§ **The task**: Within the material below, find each line bearing the word "Hoodie" and present it.

---------------

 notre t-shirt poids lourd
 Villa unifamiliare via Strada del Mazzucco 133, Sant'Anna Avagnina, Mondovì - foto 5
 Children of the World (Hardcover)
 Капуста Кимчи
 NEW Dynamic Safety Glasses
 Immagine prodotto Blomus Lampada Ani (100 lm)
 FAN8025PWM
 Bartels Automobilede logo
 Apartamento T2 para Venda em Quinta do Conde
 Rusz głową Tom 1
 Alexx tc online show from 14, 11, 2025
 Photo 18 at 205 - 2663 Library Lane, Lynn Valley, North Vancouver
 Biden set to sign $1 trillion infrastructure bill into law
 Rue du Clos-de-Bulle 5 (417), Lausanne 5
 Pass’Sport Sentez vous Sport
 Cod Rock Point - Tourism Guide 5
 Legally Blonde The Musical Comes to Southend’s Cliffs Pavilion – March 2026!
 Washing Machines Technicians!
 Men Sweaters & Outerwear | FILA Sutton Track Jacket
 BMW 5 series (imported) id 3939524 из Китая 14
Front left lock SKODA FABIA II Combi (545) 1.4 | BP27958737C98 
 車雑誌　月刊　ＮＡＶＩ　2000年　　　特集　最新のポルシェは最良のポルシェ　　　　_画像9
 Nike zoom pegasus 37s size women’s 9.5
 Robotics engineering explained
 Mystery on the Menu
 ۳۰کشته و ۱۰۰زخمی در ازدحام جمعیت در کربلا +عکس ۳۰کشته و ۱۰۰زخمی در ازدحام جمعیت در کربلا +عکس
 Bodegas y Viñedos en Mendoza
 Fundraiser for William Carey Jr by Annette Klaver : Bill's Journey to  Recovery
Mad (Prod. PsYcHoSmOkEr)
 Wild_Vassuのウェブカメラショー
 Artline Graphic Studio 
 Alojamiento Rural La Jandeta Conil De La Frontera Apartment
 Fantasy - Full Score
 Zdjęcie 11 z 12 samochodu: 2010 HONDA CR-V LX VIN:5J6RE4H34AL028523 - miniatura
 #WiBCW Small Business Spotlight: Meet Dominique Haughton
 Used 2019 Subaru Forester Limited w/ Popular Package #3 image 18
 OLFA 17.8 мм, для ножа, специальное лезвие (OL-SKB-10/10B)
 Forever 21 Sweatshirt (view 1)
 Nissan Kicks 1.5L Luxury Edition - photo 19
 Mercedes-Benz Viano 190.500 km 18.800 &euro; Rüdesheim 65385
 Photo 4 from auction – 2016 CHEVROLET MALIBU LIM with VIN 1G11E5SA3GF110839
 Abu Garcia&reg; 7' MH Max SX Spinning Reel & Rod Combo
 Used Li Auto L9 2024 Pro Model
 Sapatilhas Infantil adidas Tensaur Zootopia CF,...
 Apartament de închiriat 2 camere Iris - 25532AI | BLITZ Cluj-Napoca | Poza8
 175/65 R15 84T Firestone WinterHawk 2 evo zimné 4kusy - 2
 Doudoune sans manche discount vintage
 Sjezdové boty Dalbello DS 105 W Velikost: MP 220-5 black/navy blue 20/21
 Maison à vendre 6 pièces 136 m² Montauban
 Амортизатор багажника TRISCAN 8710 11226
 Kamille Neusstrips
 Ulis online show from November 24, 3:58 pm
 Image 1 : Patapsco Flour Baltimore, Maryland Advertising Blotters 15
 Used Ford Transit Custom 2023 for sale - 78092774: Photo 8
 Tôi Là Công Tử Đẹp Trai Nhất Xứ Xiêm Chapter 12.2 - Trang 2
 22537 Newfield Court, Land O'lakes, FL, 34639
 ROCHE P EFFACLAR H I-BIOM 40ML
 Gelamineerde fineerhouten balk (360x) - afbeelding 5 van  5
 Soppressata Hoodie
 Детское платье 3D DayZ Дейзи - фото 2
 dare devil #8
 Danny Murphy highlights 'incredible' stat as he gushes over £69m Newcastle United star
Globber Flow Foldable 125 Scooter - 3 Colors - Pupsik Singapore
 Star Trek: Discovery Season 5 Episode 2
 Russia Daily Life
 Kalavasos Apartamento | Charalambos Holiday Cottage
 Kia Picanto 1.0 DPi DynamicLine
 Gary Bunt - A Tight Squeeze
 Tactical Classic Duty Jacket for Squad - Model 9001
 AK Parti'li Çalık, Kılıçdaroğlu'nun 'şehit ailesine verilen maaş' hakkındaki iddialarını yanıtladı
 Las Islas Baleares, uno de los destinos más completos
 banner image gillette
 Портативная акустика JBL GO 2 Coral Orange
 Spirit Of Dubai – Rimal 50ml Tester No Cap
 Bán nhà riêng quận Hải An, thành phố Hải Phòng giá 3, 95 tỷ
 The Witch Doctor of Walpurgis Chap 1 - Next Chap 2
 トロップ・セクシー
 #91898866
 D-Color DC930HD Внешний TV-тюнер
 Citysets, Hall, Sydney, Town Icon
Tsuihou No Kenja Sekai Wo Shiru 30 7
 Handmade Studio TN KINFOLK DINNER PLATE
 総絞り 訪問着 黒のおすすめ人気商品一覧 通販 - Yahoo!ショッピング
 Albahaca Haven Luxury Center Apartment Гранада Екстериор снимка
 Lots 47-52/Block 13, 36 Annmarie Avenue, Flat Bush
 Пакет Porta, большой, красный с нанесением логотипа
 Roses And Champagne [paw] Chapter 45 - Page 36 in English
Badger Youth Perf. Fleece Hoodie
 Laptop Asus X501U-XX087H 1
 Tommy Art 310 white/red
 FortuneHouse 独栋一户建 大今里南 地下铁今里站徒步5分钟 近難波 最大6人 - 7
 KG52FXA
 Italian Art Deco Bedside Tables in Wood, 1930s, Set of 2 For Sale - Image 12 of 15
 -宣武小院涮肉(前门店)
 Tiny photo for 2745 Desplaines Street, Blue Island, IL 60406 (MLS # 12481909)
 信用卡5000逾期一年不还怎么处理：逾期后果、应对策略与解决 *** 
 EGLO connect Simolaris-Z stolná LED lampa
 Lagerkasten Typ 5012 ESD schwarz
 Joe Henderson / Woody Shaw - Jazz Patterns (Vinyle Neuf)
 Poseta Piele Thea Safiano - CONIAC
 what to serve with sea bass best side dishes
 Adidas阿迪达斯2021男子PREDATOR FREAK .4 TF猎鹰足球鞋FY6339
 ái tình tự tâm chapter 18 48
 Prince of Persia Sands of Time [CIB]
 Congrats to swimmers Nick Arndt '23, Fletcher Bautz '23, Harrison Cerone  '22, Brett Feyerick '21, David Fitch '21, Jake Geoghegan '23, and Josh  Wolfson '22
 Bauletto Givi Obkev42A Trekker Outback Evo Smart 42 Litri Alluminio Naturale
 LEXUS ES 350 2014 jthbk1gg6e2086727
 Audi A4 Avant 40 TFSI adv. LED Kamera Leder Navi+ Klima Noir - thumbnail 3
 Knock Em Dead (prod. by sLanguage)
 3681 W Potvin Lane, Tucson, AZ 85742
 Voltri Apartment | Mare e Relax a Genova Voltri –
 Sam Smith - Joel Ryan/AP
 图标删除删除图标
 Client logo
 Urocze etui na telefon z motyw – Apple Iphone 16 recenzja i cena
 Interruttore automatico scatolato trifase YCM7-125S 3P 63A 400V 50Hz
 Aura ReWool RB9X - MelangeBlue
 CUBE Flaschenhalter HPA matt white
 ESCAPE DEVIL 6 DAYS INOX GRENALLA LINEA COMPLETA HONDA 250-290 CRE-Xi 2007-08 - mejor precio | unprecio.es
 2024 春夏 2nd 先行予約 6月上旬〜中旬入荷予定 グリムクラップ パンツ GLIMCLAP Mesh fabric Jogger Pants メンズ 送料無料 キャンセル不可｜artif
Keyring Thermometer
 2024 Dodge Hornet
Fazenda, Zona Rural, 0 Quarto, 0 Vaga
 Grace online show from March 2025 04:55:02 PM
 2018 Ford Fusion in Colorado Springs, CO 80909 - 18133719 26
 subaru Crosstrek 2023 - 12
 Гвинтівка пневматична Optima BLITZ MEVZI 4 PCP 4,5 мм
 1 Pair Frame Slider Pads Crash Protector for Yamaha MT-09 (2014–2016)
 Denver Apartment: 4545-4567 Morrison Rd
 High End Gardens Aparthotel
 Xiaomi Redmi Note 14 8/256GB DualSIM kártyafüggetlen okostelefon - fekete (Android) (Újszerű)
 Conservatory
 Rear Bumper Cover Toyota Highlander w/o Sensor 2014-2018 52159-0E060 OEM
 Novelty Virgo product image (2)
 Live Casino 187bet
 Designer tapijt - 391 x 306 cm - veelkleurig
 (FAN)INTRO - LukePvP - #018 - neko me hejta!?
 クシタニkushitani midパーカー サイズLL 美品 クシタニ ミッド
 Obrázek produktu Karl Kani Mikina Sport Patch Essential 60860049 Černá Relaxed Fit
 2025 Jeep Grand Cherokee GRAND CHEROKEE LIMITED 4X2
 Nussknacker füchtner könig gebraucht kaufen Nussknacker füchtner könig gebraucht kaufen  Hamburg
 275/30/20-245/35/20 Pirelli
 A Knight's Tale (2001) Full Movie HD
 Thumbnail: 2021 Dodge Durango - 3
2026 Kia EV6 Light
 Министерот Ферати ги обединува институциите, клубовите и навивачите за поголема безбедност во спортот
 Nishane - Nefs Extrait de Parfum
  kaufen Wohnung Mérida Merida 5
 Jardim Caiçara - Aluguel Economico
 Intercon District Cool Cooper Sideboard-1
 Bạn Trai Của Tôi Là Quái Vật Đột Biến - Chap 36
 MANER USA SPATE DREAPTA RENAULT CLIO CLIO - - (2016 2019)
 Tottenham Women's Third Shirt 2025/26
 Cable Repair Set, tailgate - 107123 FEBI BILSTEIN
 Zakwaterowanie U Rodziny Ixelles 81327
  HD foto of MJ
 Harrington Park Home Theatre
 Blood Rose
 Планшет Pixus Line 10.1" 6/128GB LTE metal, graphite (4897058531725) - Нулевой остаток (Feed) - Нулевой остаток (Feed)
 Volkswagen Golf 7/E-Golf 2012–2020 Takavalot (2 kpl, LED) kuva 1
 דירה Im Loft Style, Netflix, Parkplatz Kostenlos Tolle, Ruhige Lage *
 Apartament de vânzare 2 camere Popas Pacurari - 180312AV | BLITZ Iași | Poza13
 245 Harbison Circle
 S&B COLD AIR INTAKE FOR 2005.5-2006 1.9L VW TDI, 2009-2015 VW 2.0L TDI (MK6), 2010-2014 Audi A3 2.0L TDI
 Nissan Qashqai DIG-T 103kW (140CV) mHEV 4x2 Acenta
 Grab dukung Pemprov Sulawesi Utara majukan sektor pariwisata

---------------

§ **Expected answer**:
 Soppressata Hoodie
Badger Youth Perf. Fleece Hoodie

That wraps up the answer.